Data Analyst Screening Questions
Hire analysts who can turn data into insights. Use these 20 knockout questions to filter for SQL, Python, and BI tool expertise.
Why Screening Data Analysts is Hard
Hiring a data analyst is challenging because many candidates can list 'SQL' and 'Python' on their resume, but lack the practical experience to apply those skills to real business problems. It's difficult to gauge their ability to not just manipulate data, but to find meaningful insights and communicate them effectively. You can waste significant time on interviews with candidates who are technically proficient but lack business acumen.
What to Look For in a Data Analyst
A strong data analyst has a trifecta of skills: technical expertise (SQL, Python/R), business understanding, and communication. Look for candidates who can demonstrate experience with building dashboards, working with large datasets, and presenting their findings. Questions about specific tools like Tableau or Power BI, and concepts like A/B testing, can quickly separate experienced analysts from beginners.

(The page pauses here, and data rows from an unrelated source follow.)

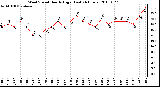 Milwaukee Weather Wind Speed Hourly High (Last 24 Hours)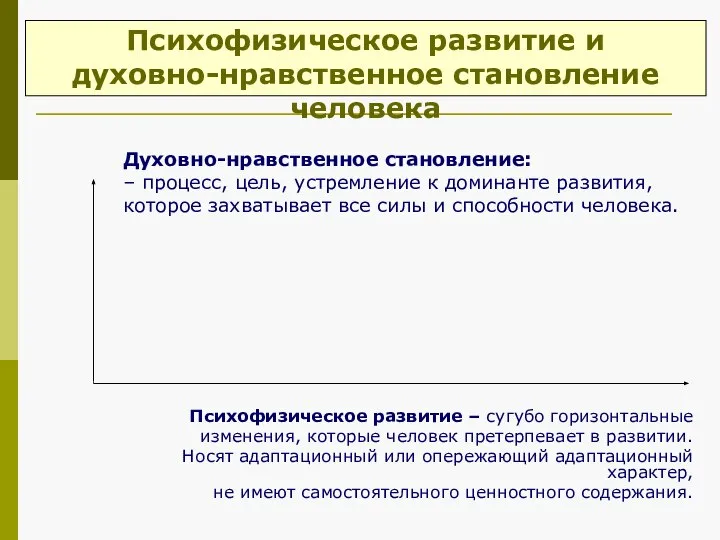 Психофизическое развитие – сугубо горизонтальные изменения, которые человек претерпевает в развитии.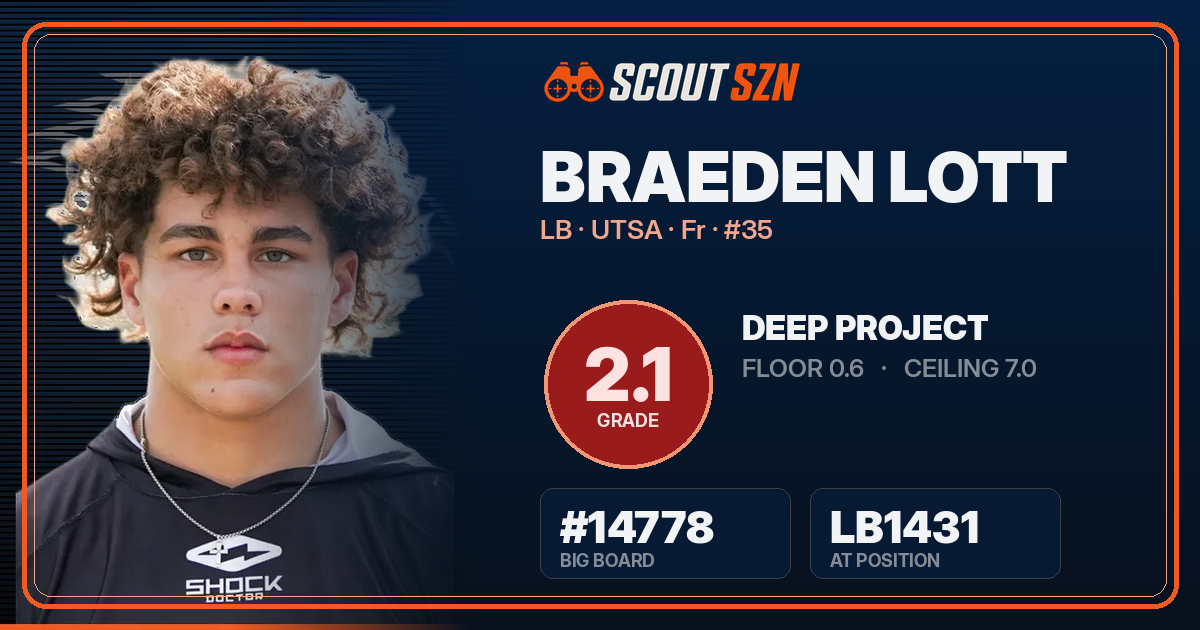 Share card for Braeden Lott
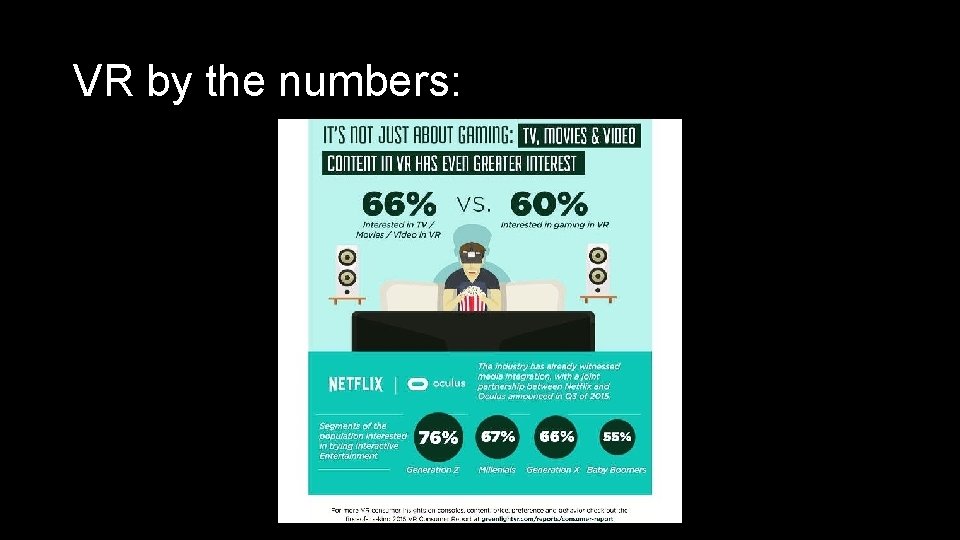 VR by the numbers: VR by the numbers: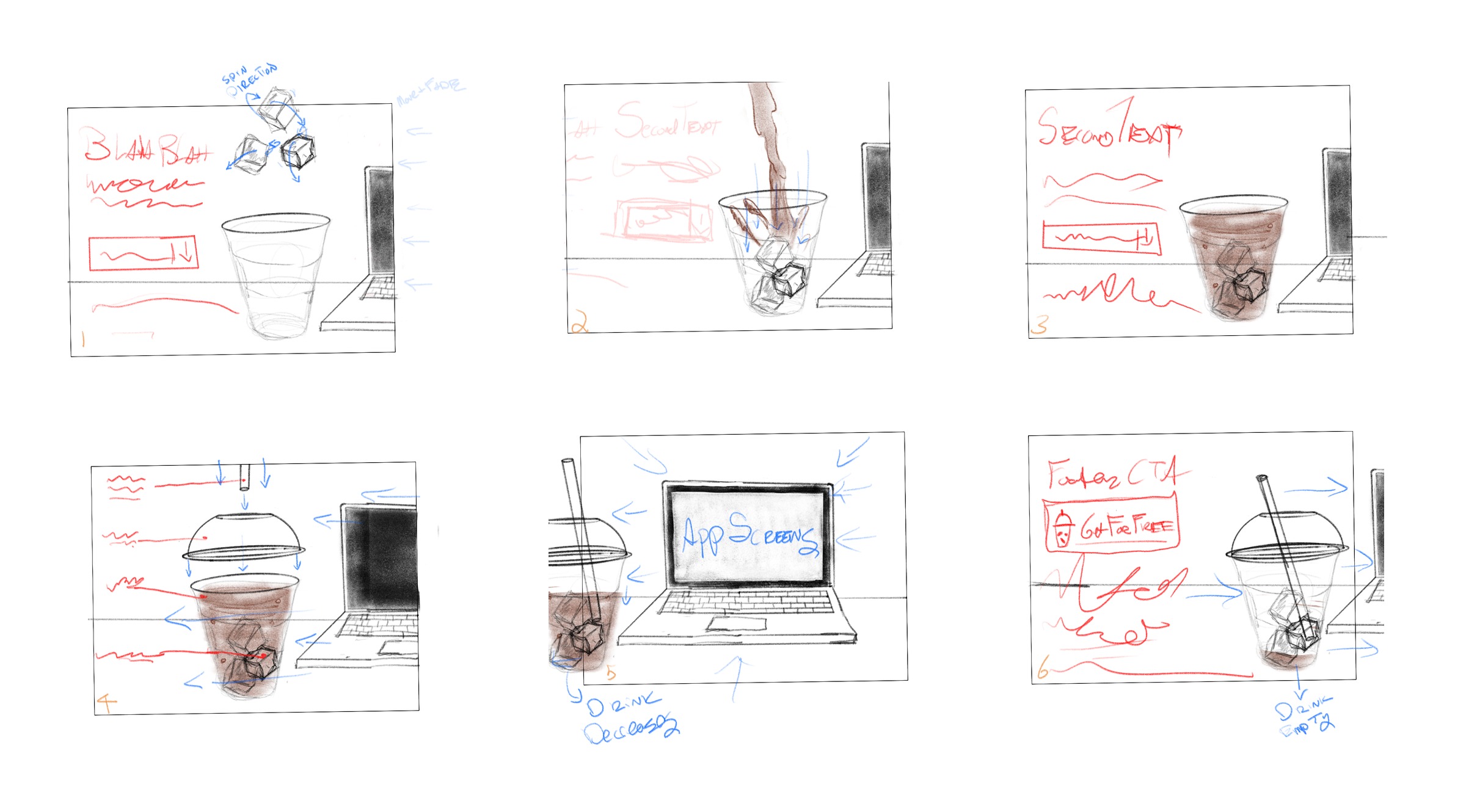 Q's hand-drawn storyboard in six panels: ice cubes spinning above an empty cup beside a laptop, coffee pouring, the full cup, the lid and straw dropping on, the camera pushing into the laptop screen marked App screens, and the drained cup beside a Get it for free call to action, with camera moves in blue and type in red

20 Knockout Questions for Data Analysts
| # | Question | Type | Knockout Rule |
|---|---|---|---|
| 1 | How many years of data analysis experience do you have? | MCQ: 0-1 / 1-3 / 3-5 / 5+ | Below minimum = Knockout |
| 2 | Are you proficient in SQL? | Yes / No | No = Hard Knockout for most roles |
| 3 | Are you proficient in Excel or Google Sheets at an advanced level? | Yes / No | No = Knockout |
| 4 | Have you used Python or R for data analysis? | Yes / No | No = Knockout for advanced analyst roles |
| 5 | Have you built dashboards or reports for business stakeholders? | Yes / No | No = Knockout for reporting-heavy roles |
| 6 | Which BI tool have you used? | MCQ: Tableau / Power BI / Looker / None | None = Red flag |
| 7 | Have you worked with large datasets (1M+ rows)? | Yes / No | No = Red flag for big data roles |
| 8 | Have you done A/B testing or statistical analysis? | Yes / No | No = Knockout for product/growth analyst roles |
| 9 | Have you worked with Google Analytics or similar web analytics tools? | Yes / No | No = Knockout for marketing analyst roles |
| 10 | Are you comfortable presenting data insights to non-technical stakeholders? | Yes / No | No = Red flag |
| 11 | Have you worked with cloud data warehouses? (BigQuery, Redshift, Snowflake) | Yes / No | No = Knockout for data-heavy tech roles |
| 12 | Have you done data cleaning and transformation work? | Yes / No | No = Knockout |
| 13 | Have you collaborated with engineering or product teams? | Yes / No | No = Red flag for tech companies |
| 14 | Do you have experience with data modeling or schema design? | Yes / No | No = Knockout for senior analyst roles |
| 15 | Have you automated reports or workflows using scripts? | Yes / No | No = Red flag for efficiency-focused teams |
| 16 | Are you authorized to work in [country] without visa sponsorship? | Yes / No | No = Knockout |
| 17 | What is your expected salary range? | MCQ: Range bands | Out of budget = Knockout |
| 18 | What is your current notice period? | MCQ: Immediate / 2 weeks / 1 month / 2+ months | Mismatch = Knockout |
| 19 | Are you open to our work model? | MCQ: Onsite / Hybrid / Remote | Mismatch = Knockout |
| 20 | Are you available for an interview within the next 7 days? | Yes / No | No = Deprioritize |
"Screening for SQL and Tableau proficiency before the first interview has saved our data team countless hours."
- Director of Analytics, Retail Corp
How to Use These Questions
Focus on your stack. If your team uses Power BI and Python, make those questions your primary filters. Use a Sift quiz to confirm these baseline technical skills and their experience with stakeholder communication before you schedule a technical interview or case study. This ensures your data team only spends time with candidates who are a strong potential fit.
Common Screening Mistakes
A major mistake is focusing solely on technical skills and ignoring communication. A brilliant analyst who can't explain their findings to a non-technical audience is ineffective. Another error is using overly academic or theoretical questions. Stick to practical, experience-based questions that reflect the day-to-day work of an analyst at your company.